Source records
·····

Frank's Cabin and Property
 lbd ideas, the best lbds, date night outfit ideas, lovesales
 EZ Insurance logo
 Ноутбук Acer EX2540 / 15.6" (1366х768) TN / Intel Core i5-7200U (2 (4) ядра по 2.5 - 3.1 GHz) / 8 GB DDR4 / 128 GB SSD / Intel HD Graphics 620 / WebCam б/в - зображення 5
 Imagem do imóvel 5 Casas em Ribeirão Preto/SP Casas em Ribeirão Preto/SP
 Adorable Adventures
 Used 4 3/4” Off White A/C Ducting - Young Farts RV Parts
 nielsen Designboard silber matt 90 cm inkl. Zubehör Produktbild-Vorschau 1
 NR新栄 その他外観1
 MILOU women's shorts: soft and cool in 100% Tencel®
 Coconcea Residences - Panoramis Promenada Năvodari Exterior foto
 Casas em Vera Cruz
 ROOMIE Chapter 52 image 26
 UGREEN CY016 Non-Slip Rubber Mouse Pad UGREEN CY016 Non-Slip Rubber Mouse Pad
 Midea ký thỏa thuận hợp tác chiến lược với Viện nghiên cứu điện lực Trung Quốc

·····

Exercise objective:
Copy out only the lines of the records above from the one with "Imagem do imóvel" through the one with "NR新栄 その他外観1", exactly as they stand, both included.

Written answer:
 Imagem do imóvel 5 Casas em Ribeirão Preto/SP Casas em Ribeirão Preto/SP
 Adorable Adventures
 Used 4 3/4” Off White A/C Ducting - Young Farts RV Parts
 nielsen Designboard silber matt 90 cm inkl. Zubehör Produktbild-Vorschau 1
 NR新栄 その他外観1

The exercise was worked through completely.